GOAL OF THE EXERCISE: When you retype the data, keep every word exactly and include none of the pictures.

GIVEN MATERIAL:
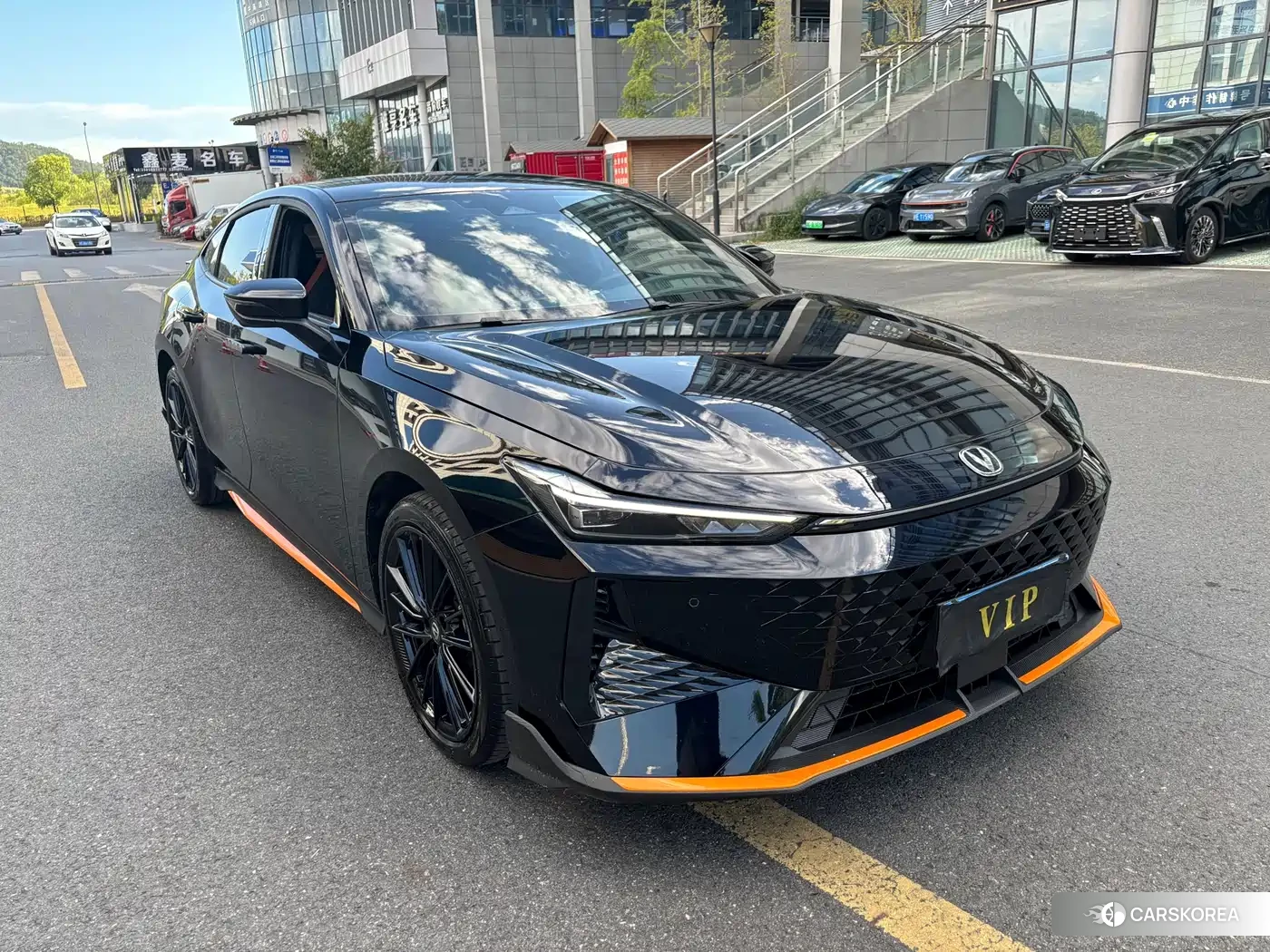 Chang'an UNI-V id 4601886 из Китая 16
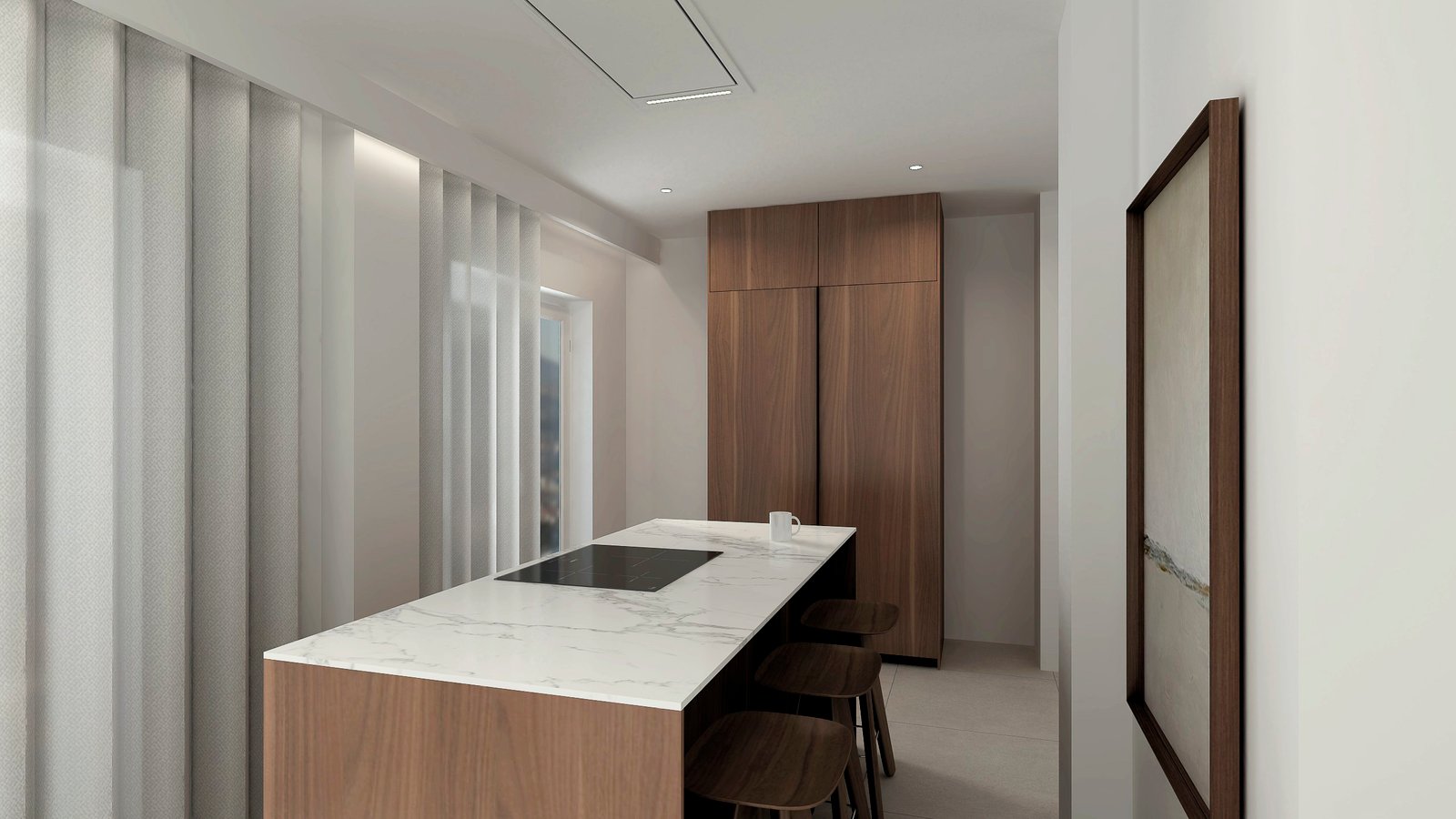 Vista 3 del proyecto Brussels · Jean Baptiste C.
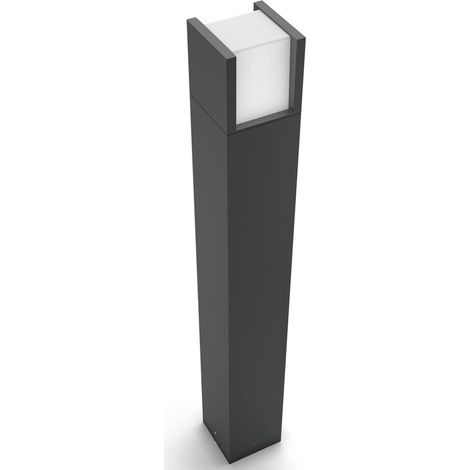 Philips Lampione a LED myGarden Arbour 6 W Antracite 164639316 (1/5)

TASK ANSWER:
 Chang'an UNI-V id 4601886 из Китая 16
 Vista 3 del proyecto Brussels · Jean Baptiste C.
 Philips Lampione a LED myGarden Arbour 6 W Antracite 164639316 (1/5)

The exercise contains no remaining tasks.